Czy lubię lubuskie..?
Ostatni długi weekend, ostatnie liście na drzewach, ostatnia okazja by trochę się powłóczyć...
Na bazę wypadową wybraliśmy łowisko w miejscowości Dąbie. Co prawda łowienie ryb było w cenie, ale nie skorzystaliśmy z tej opcji - skusiły nas raczej małe domki w spokojnej okolicy i bardzo przystępnej cenie.
Do naszej pierwszej atrakcji mieliśmy około godziny drogi. Był to Park Krajobrazowy Łuk Mużakowa. Sam Łuk Mużakowa to struktura geologiczna powstała w wyniku działalności lądolodu sprzed 450 tys. lat w okresie zlodowacenia skandynawskiego, a konkretnie największa w Europie morena czołowa. Jej kształt ma postać ogromnej, 40-kilometrowej podkowy.

Staw rudy
Przez park prowadzi ścieżka geoturystyczna „Dawna Kopalnia Babina”. Powstała ona by przekazywać wiedzę z zakresu poszukiwania i wydobywania kopalin oraz zmian krajobrazu naturalnego w związku z działalnością górniczą. Miejsce powstania ścieżki jest nieprzypadkowe, gdyż występuje tu największe w Polsce „pojezierze antropogeniczne”, powstałe na skutek eksploatacji węgla brunatnego, glin, żwiru i piasku przez ponad 160 lat.

Formy erozyjne przy zbiorniku Afryka
W wyniku długotrwałej działalności górniczej na tym terenie powstało ponad 100 zbiorników wodnych różniących się barwą, składem chemicznym i kształtem. Ścieżka między nimi zawiera wiele miejsc do odpoczynku, tablic informacyjnych i punktów widokowych. Jedną z atrakcji trasy jest drewniana wieża widokowa o wysokości 24 m przy zbiorniku Afryka.

Staw Dwójka
Będąc w tej okolicy wstąpiliśmy także do Park Mużakowskiego - największego parku w stylu anglosaskim na terenie Polski. Park leży na granicy - strona polska ma 522 ha, a niemiecka 206 ha powierzchni.

Na terenie parku, po niemieckiej stronie, znajduje się Zamek Bad Muskau, który został wybudowany na fundamentach XVI-wiecznej, renesansowej budowli.

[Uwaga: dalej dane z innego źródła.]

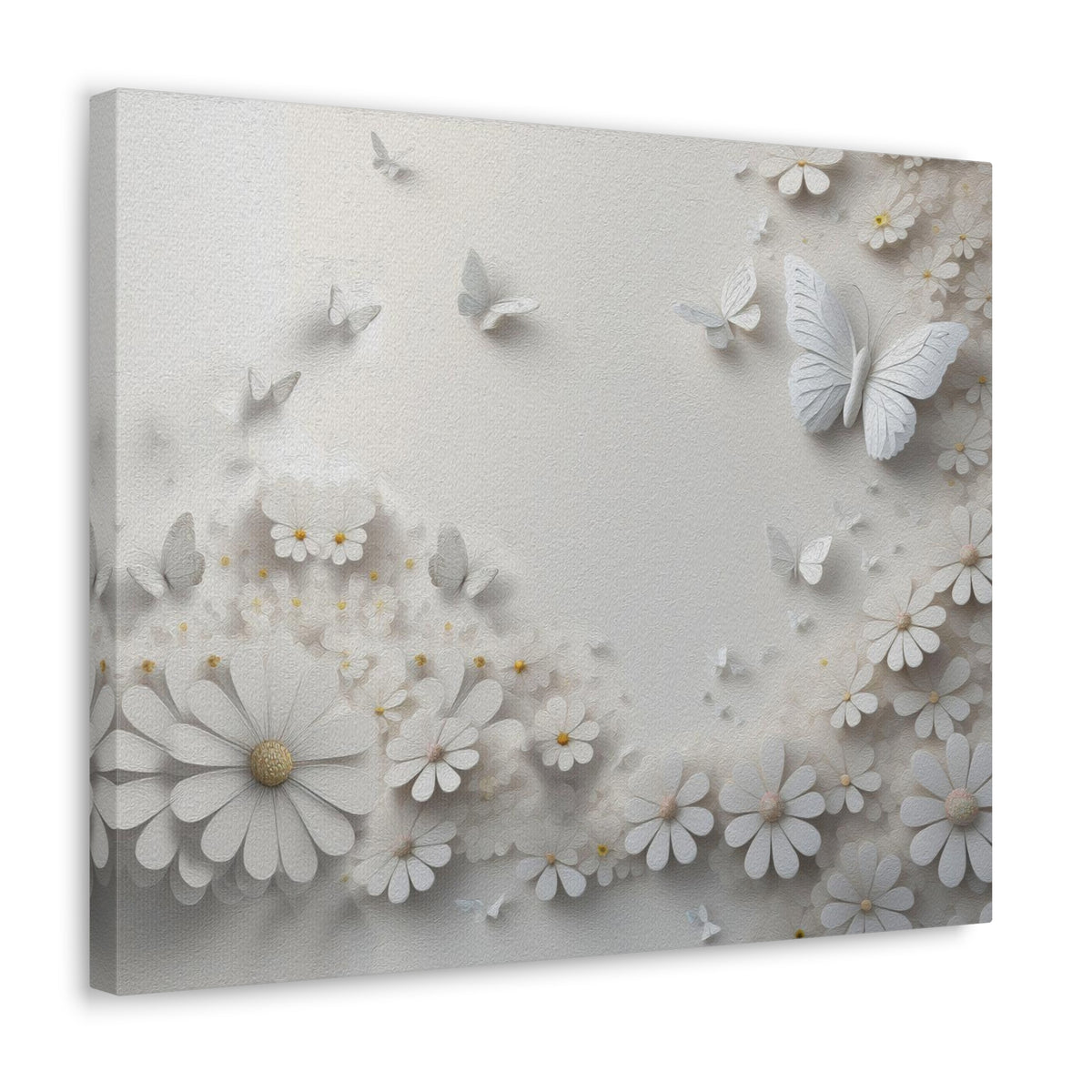Abstract 3D White Background With Small And Large Flowers And Butterflies Oil Painting Canvas Wall Art for Home Decor Ready-to-Hang-Express Your Love Gifts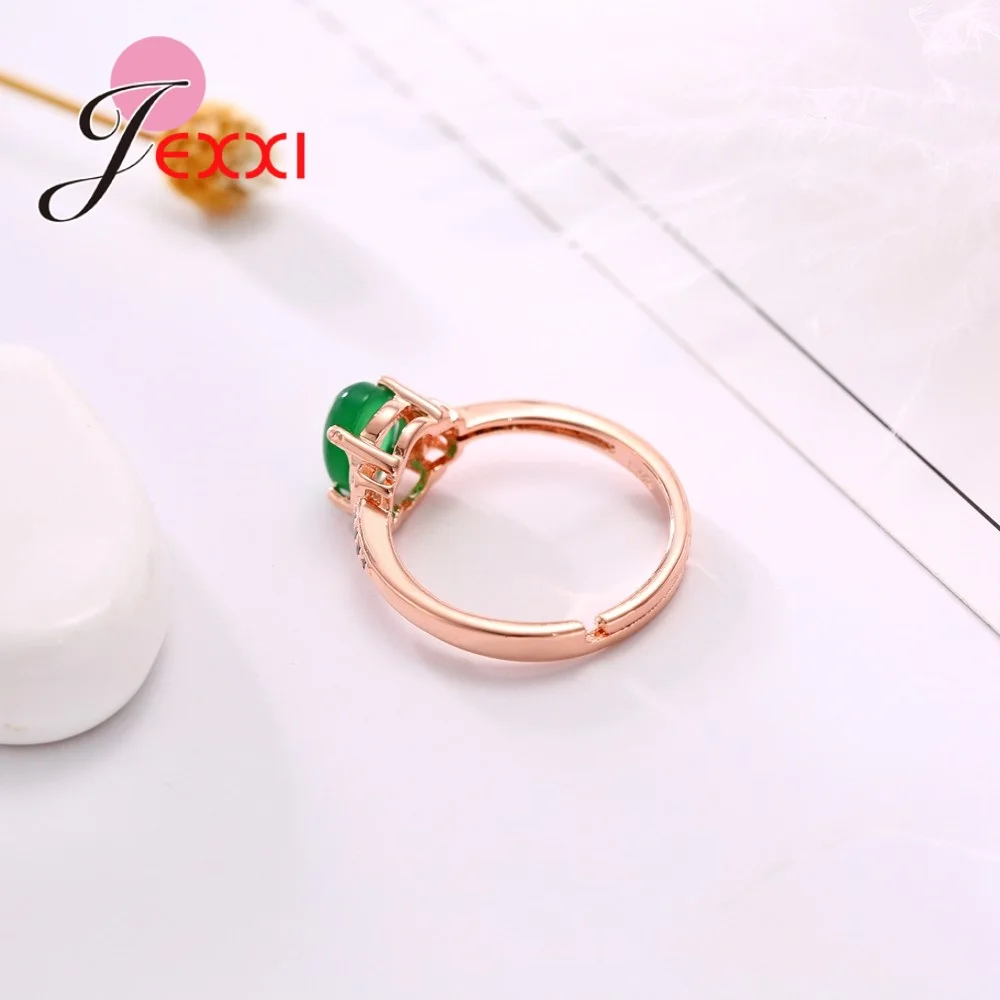 

Original Design Women Rose Gold Cocktail Ring Girls Luxury Jewelry Green Zirconia Rhinestones Bague Fashion Birthday Gift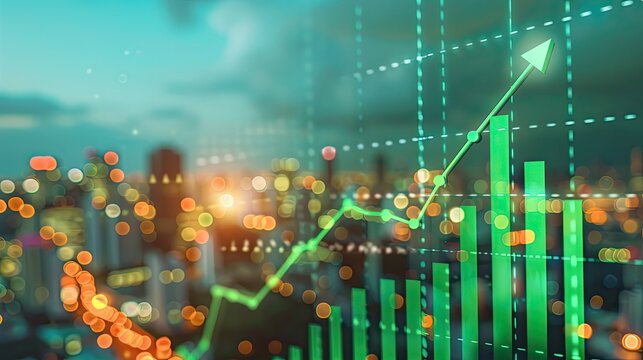 The image shows a glowing green graph with an arrow pointing up, indicating growth and success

Obecną formę przybrał w XIX stuleciu dla ekscentrycznego podróżnika - hrabiego Hermann von Puckler-Muskau, który był też pomysłodawcą założenia tu ogromnego parku. Dla jego stworzenia hrabia rozwiódł się ze swą ukochaną żoną i pobrał się z bogatszą kobietą, która pomogła mu pomysł zrealizować.
Następnego dnia udaliśmy się do Zielonej Góry zahaczając o Krosno Odrzańskie i północną stronę Odry. Jest tam jedno miejsce warte odwiedzenia - na mapie znajdziecie je jako Klify nad Odrą. Rozciąga się tu piękny, o każdej porze roku, widok.

Zielona Góra słynie z produkcji wina. Bogiem wina był Bachus więc.... dzień spędziliśmy na łapaniu Bachusików. Są to małe rzeźby z brązu, porozstawiane po całym mieście. Mają swoje imiona, sponsorów i historie. Przy osiemnastym myślałam, że mam większość z nich, po czym okazało się, że jest ich około 50..

Spacerując po mieście (Tośka była z nami więc w grę wchodziło tylko "zewnętrzne" zwiedzanie) natknęliśmy się na kilka ciekawych murali i budynków. Na koniec wizyty w mieście wina przenieśliśmy się na chwilę w czasie w barze Czar PRL-u na ul. Krawieckiej.

Mural na ul.Kupieckiej
Następnie udaliśmy się na Ruiny Pałacu w Zatoniu. Pałac został wybudowany w 1689 r. Był wielokrotnie przebudowany. Po tym jak został spalony przez wojska radzieckie w 1945 roku nie został już nigdy odbudowany. Dopiero w 2018 roku zabezpieczono ruiny pałacu oraz udostępniono je zwiedzającym. Rewitalizacja parku kosztowała blisko 17 milionów złotych!


Ruiny pałacu
Szczególnie polecam udanie się tam tuż przed zachodem słońca by móc podziwiać budowlę za dnia jak i po zmroku z uwagi na zachwycające podświetlenie.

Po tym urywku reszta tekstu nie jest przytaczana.